Goal of the exercise: After locating the line with "Francesco Militello Campione" in the data that follows, return it and every later line exactly, up to and including the line with "Preparing Ethnobotanical Display Area".

[Data records — start]

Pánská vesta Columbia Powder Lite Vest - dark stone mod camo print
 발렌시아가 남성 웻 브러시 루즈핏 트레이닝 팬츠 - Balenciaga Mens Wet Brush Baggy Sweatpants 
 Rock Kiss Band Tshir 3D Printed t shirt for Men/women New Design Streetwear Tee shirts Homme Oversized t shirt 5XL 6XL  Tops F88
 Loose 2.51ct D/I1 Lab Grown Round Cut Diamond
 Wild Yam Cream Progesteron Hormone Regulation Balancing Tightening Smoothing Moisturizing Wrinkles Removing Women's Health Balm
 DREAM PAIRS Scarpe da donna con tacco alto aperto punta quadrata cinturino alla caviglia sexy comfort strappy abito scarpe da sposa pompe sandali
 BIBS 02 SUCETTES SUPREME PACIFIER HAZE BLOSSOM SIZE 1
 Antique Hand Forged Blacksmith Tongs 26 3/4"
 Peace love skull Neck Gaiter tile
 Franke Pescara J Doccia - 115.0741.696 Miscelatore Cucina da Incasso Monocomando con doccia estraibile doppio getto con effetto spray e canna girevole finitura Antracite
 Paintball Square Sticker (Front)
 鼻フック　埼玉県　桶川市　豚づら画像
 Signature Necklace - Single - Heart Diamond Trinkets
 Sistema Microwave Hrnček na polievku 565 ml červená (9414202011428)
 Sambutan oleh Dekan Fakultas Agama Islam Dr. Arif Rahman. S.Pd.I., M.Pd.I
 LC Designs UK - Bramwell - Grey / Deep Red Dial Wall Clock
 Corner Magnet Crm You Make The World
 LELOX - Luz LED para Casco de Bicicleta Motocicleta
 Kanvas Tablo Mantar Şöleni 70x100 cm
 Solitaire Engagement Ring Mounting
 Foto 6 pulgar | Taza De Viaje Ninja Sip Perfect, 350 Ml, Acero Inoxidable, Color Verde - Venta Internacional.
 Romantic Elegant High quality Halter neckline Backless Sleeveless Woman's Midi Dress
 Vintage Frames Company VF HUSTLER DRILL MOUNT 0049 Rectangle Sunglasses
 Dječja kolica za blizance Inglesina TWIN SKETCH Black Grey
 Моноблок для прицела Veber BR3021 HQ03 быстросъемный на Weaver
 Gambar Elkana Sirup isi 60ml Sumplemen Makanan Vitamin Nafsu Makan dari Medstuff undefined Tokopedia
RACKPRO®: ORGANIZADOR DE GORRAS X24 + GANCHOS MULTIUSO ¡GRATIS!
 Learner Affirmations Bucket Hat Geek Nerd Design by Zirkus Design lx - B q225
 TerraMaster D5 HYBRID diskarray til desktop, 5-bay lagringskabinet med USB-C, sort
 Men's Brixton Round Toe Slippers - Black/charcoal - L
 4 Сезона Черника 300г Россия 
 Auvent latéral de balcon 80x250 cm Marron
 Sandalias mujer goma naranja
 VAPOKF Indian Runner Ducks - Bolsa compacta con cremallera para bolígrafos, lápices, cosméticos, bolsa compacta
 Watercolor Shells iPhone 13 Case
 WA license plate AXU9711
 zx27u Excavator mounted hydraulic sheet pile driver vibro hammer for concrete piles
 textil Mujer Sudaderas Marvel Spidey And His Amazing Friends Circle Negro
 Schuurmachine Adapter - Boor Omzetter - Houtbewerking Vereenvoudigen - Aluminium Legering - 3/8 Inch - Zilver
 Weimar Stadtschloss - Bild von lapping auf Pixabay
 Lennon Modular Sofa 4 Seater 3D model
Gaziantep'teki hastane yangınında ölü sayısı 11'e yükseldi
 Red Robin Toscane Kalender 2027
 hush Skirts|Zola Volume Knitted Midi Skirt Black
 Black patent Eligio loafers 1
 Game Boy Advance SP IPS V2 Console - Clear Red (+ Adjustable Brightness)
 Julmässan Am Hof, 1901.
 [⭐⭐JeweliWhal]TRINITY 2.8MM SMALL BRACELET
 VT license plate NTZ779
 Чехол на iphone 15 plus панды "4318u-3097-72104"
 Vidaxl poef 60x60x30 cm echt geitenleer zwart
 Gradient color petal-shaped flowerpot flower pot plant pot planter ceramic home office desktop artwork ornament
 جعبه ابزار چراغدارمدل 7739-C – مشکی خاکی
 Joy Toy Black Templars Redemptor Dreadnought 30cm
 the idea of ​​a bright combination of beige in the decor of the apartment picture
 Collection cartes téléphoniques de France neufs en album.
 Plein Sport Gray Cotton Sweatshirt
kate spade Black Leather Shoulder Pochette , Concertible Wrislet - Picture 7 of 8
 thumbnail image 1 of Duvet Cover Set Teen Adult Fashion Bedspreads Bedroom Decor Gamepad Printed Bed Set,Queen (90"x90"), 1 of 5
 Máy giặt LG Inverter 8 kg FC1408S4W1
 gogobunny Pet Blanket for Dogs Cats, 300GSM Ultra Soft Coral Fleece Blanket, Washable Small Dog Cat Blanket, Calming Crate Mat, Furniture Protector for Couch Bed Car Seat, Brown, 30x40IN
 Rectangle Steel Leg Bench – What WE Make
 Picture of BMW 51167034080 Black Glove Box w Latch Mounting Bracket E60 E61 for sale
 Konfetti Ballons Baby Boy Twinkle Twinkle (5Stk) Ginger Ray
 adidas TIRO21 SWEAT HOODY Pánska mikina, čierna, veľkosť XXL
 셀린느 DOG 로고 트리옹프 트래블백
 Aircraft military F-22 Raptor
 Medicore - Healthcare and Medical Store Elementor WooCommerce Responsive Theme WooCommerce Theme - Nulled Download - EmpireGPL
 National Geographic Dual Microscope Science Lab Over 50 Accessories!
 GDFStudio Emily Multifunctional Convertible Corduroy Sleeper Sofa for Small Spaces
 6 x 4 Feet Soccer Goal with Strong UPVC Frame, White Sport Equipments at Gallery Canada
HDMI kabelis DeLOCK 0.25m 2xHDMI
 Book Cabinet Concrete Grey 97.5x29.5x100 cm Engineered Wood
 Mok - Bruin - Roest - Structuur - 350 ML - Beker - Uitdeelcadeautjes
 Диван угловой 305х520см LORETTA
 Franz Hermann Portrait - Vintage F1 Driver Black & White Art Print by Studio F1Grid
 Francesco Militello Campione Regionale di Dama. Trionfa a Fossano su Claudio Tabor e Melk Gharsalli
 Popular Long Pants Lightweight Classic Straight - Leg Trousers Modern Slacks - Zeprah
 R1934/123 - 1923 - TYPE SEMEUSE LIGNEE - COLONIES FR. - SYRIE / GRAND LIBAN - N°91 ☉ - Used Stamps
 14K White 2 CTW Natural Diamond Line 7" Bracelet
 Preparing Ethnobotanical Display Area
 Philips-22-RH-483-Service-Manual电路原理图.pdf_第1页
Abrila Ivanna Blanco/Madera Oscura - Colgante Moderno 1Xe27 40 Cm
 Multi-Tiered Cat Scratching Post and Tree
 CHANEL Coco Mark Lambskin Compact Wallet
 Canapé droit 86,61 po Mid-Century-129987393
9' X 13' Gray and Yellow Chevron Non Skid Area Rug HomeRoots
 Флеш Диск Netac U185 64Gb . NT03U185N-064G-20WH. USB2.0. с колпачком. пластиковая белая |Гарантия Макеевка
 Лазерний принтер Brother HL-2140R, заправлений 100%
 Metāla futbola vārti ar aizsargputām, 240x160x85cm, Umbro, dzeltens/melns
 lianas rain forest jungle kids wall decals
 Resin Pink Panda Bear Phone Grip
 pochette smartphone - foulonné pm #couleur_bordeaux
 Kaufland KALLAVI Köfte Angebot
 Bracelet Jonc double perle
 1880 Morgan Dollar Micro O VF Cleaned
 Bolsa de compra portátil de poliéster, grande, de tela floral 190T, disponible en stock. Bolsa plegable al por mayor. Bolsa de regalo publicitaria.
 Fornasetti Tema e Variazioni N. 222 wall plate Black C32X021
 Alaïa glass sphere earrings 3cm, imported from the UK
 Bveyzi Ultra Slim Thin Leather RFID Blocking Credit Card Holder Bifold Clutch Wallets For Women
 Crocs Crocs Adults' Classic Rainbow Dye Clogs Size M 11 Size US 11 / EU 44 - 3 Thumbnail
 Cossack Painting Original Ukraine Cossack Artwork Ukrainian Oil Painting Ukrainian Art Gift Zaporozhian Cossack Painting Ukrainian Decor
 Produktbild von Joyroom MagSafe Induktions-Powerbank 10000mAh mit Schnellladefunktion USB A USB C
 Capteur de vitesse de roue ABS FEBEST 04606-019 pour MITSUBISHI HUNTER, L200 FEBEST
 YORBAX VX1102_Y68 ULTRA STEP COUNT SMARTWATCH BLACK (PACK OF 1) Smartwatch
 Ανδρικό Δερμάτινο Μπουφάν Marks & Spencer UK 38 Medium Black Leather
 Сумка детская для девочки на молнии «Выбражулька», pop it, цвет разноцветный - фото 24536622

[Data records — finish]

Output for this task:
 Francesco Militello Campione Regionale di Dama. Trionfa a Fossano su Claudio Tabor e Melk Gharsalli
 Popular Long Pants Lightweight Classic Straight - Leg Trousers Modern Slacks - Zeprah
 R1934/123 - 1923 - TYPE SEMEUSE LIGNEE - COLONIES FR. - SYRIE / GRAND LIBAN - N°91 ☉ - Used Stamps
 14K White 2 CTW Natural Diamond Line 7" Bracelet
 Preparing Ethnobotanical Display Area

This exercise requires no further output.